» Problem to work on
From the listing below, copy only the lines from the line that contains "appartamento in vendita" to the line that contains "The Vintage V-Neck", counting those two lines as part of the copy.

» Recorded information
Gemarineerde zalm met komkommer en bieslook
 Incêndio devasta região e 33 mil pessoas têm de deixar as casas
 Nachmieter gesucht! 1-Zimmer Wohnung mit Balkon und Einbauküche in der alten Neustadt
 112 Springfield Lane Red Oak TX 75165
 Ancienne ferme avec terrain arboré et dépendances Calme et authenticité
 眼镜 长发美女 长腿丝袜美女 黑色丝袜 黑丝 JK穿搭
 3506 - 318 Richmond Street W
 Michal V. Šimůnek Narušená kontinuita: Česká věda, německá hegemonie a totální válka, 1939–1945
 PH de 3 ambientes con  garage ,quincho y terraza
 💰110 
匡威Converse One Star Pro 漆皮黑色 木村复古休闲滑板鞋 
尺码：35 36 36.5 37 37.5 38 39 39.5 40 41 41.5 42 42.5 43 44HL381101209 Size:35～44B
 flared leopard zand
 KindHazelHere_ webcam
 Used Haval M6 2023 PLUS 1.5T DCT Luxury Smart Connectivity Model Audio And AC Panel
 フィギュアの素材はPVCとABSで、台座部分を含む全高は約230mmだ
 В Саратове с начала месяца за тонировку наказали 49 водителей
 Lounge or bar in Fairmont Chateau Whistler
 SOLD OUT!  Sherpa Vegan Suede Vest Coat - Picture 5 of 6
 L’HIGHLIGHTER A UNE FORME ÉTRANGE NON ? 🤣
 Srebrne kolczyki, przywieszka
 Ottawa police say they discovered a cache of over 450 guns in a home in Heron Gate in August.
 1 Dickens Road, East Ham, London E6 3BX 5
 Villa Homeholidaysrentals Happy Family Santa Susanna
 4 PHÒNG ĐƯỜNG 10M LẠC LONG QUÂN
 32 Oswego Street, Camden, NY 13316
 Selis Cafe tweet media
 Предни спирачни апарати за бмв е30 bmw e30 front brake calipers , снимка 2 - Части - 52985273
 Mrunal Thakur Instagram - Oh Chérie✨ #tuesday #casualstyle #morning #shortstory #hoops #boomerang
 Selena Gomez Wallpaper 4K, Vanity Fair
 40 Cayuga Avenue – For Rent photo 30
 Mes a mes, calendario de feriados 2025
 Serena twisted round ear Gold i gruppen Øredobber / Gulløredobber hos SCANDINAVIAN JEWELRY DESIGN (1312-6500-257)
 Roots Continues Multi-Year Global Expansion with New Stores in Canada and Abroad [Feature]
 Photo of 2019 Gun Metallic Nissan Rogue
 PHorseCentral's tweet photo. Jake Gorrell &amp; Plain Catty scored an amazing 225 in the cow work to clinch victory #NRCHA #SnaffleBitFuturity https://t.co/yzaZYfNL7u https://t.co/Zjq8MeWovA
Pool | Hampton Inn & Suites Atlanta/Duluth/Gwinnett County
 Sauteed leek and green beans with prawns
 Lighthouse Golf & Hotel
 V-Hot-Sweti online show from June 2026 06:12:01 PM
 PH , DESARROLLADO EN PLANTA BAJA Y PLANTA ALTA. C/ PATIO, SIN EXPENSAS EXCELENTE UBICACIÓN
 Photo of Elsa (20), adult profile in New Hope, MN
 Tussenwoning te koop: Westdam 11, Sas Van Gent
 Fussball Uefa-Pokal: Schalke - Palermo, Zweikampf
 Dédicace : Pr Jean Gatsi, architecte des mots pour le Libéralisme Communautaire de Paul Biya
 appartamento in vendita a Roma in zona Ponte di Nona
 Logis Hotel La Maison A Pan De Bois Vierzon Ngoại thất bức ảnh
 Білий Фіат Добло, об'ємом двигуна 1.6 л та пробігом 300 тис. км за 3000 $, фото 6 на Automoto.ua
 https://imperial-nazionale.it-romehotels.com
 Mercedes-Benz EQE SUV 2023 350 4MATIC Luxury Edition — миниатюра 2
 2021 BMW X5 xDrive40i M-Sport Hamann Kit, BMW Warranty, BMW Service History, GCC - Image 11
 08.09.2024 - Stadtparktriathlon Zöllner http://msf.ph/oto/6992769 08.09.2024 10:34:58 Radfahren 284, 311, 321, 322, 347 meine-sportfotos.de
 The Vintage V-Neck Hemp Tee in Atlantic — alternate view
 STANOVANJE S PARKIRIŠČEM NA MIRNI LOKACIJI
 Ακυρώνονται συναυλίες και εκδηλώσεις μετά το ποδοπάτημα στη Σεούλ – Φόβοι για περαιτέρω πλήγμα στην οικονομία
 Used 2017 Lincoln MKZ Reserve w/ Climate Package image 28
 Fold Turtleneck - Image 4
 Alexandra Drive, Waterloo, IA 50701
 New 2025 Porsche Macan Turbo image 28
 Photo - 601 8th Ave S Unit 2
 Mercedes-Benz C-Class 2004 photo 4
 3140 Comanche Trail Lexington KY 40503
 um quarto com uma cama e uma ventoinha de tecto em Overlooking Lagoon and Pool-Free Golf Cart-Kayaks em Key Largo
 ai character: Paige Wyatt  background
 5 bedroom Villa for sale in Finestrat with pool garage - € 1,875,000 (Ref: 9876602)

» Exercise output
 appartamento in vendita a Roma in zona Ponte di Nona
 Logis Hotel La Maison A Pan De Bois Vierzon Ngoại thất bức ảnh
 Білий Фіат Добло, об'ємом двигуна 1.6 л та пробігом 300 тис. км за 3000 $, фото 6 на Automoto.ua
 https://imperial-nazionale.it-romehotels.com
 Mercedes-Benz EQE SUV 2023 350 4MATIC Luxury Edition — миниатюра 2
 2021 BMW X5 xDrive40i M-Sport Hamann Kit, BMW Warranty, BMW Service History, GCC - Image 11
 08.09.2024 - Stadtparktriathlon Zöllner http://msf.ph/oto/6992769 08.09.2024 10:34:58 Radfahren 284, 311, 321, 322, 347 meine-sportfotos.de
 The Vintage V-Neck Hemp Tee in Atlantic — alternate view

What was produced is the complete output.